Feb 10th 2015

Jindal: from Rhodes Scholar to Dangerous Demagogue

by James J. Zogby

Dr. James J. Zogby is the President of Arab American Institute

A few weeks back, Louisiana Governor Bobby Jindal delivered a speech to the Henry Jackson Society in London focusing on the dangers "radical Islam" poses to the world's "freedom loving people". Far from a serious discussion, the speech amounted to little more than a dangerous mix of trite sloganeering and reckless jingoism. Jindal is no simple-minded demagogue like Sarah Palin or Michele Bachman. Because he is a Rhodes Scholar and a presidential aspirant, one supposes that he thought through his remarks.

While Jindal claimed to be addressing the threat from "ISIS and all forms of radical Islam", he got carried away with his rhetoric and ended up raising questions about Islam and Muslims, in general. For example, after noting in his remarks that he had no interest in defaming any religion, he disingenuously asks "How many Muslims in this world agree with these radicals?...I hope its a small minority. But it is clear that far too many do". He later adds this thought, "A so-called religion that allows for and endorses killing those who oppose it is not a religion at all, it is a terrorist movement...Let's be honest, Islam has a problem...OK, it is their problem and they need to deal with it". Jindal goes on to demand that Muslim leaders condemn these radicals stating that "if they refuse to do it, then they are part of the problem". 

Even more dangerous and inflammatory was the sub-text to Jindal's speech in which he warns about "non-assimilationist Muslims" moving to the West where they have taken advantage of the "wide berth" democracy provides and have established "their own nation within a nation", "no-go zones", where they impose "their own set of laws".
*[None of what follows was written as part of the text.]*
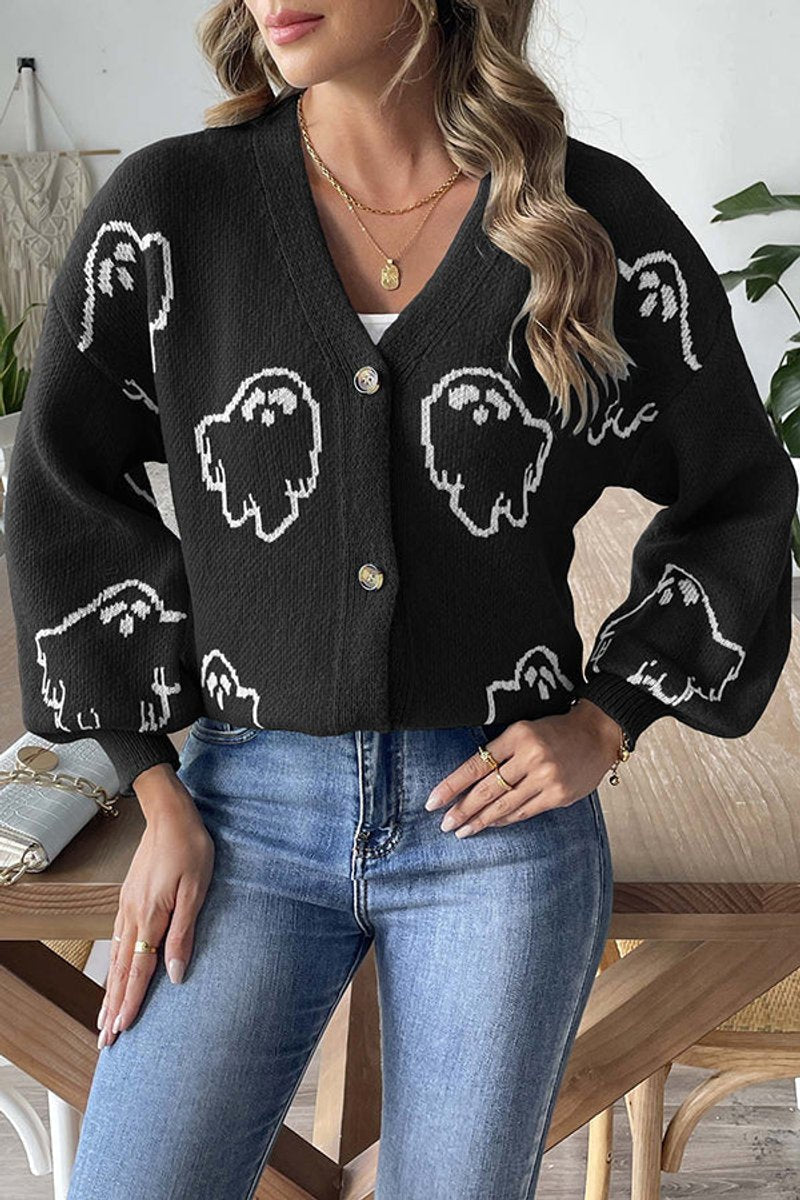 Halloween ghost button-front cardigan for women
Like Palin and Bachmann before him, Jindal's charges are flat out wrong. Our polling shows that extremist violence has scant support across the Arab World. Most Muslim religious institutions have condemned the violent groups that use religion to justify their actions, as have the many Arab and Muslim states that have declared war on ISIS and other forms of "radical Islam".                                                                                                                               
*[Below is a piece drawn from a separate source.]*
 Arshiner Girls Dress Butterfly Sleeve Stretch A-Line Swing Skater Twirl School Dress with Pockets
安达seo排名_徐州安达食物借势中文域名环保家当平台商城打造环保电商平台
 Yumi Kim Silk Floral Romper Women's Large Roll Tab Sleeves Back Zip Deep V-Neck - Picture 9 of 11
Further, the charge that there are "no go zones" in Western democracies has been repeatedly debunked. When a so-called terrorism expert made that claim about Birmingham, UK on Fox News, British Prime Minister David Cameron called the "expert" "clearly a complete idiot".  Fox News apologized three times for this slanderous remark. But not Jindal. Following his London speech, he repeated the charge several times, even suggesting that "if we're not careful the same no-go zones you're seeing now in Europe will come to America" complete with the "imposition of Sharia law". He continued, saying that it was "not acceptable [for] people who want to come and conquer us. That's not immigration...that's colonization...if they don't want to be Americans, they shouldn't come to America".  The reality, however, is that we have Muslim Americans in Congress (one of whom is a former law enforcement official who now sits on the House Intelligence Committee), and Muslim Mayors, and City Council Members, and State Representatives, and Judges, and Police Chiefs—all of whom are Americans who uphold the US Constitution, and not Sharia Law.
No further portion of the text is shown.